## [AIM OF THE TASK]
From top to bottom, write out the listing exactly and skip every picture.

## [INPUT DATA]
######

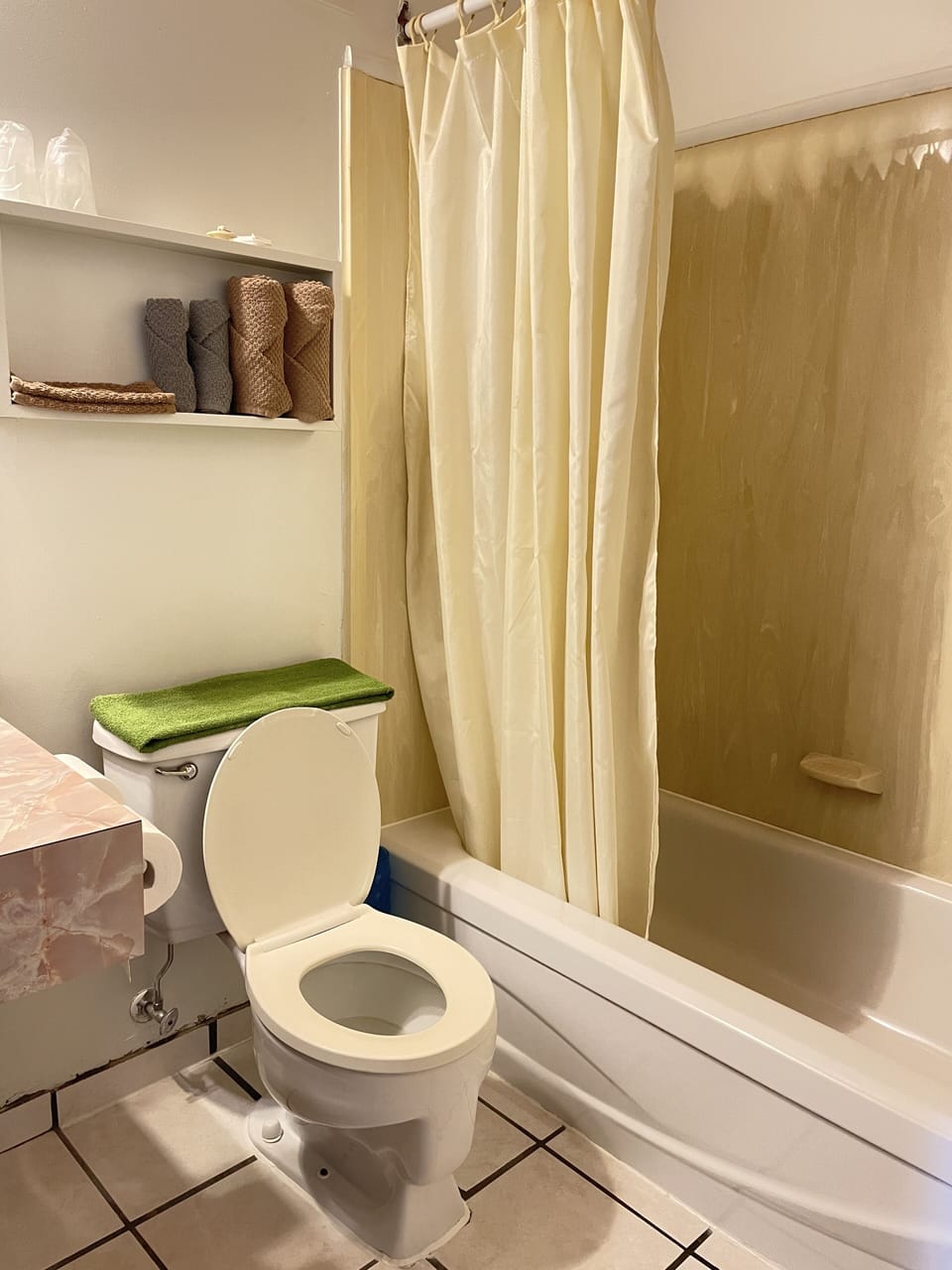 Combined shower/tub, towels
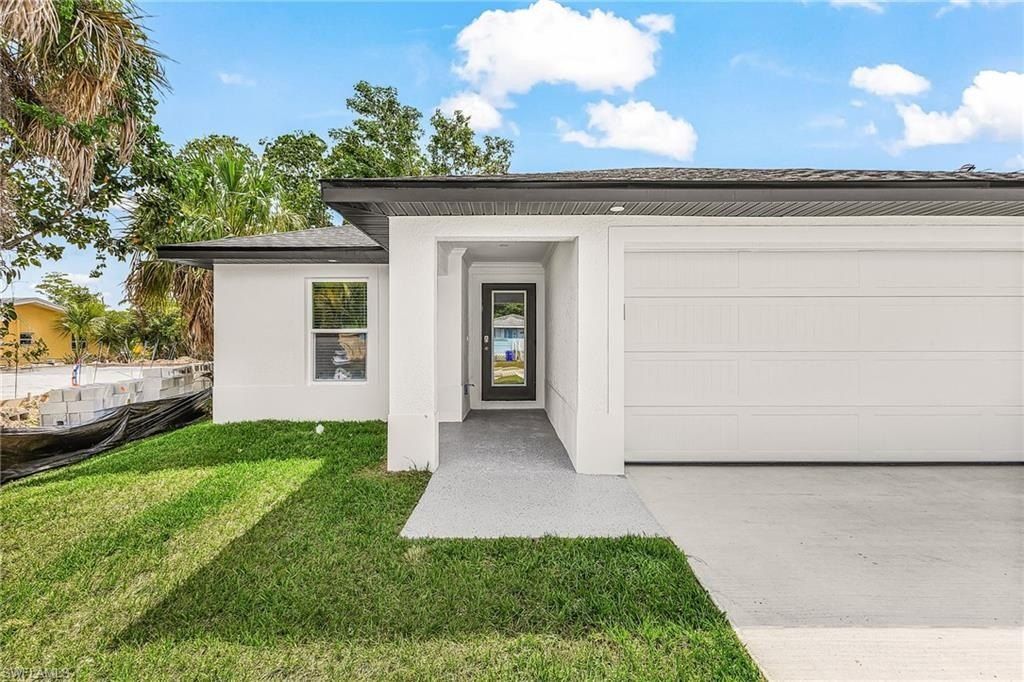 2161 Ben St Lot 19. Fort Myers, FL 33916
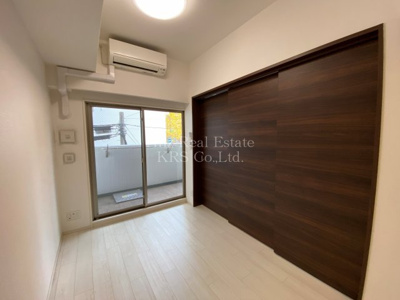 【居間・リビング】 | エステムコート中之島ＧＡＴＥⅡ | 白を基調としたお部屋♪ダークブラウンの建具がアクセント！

######

## [COMPLETED EXERCISE]
 Combined shower/tub, towels
 2161 Ben St Lot 19. Fort Myers, FL 33916
 【居間・リビング】 | エステムコート中之島ＧＡＴＥⅡ | 白を基調としたお部屋♪ダークブラウンの建具がアクセント！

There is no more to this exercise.